Not the revolution, note. Experience suggests that revolutions are inclined to devour their young. Written after the failure of the 1905 Russian revolution, when the Imperial Guard fired on a peaceful demonstration, causing many fatalities, Maxim Gorky’s 1910 play is a savage reminder that capitalism too is no slouch at tearing itself apart greedily. It is this gleefully baleful early version – published but never performed at the time – that Bartlett has adapted, and not Gorky’s 1936 revision.
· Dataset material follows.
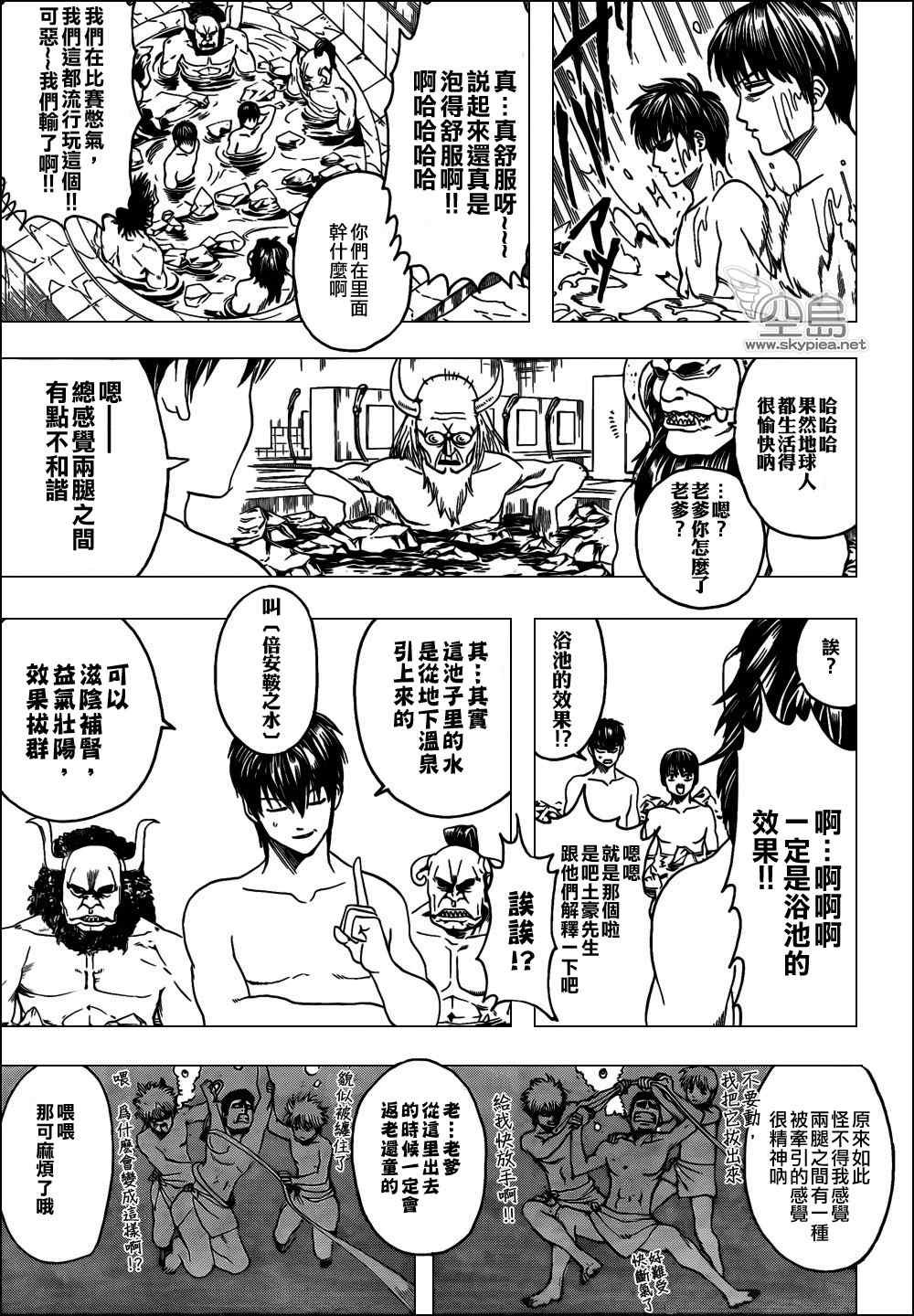 第334话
This vivid, horribly vital production at the Almeida, directed by Tinuke Craig, suffered a setback when Samantha Bond was forced to withdraw from the role of Gorky’s eponymous matriarch. But Siobhan Redmond proves to be a remarkably adept and undaunted replacement. She has always been able to take a line of dialogue and perform several nifty three-point turns within it, with that severe, insinuating Scots accent of hers.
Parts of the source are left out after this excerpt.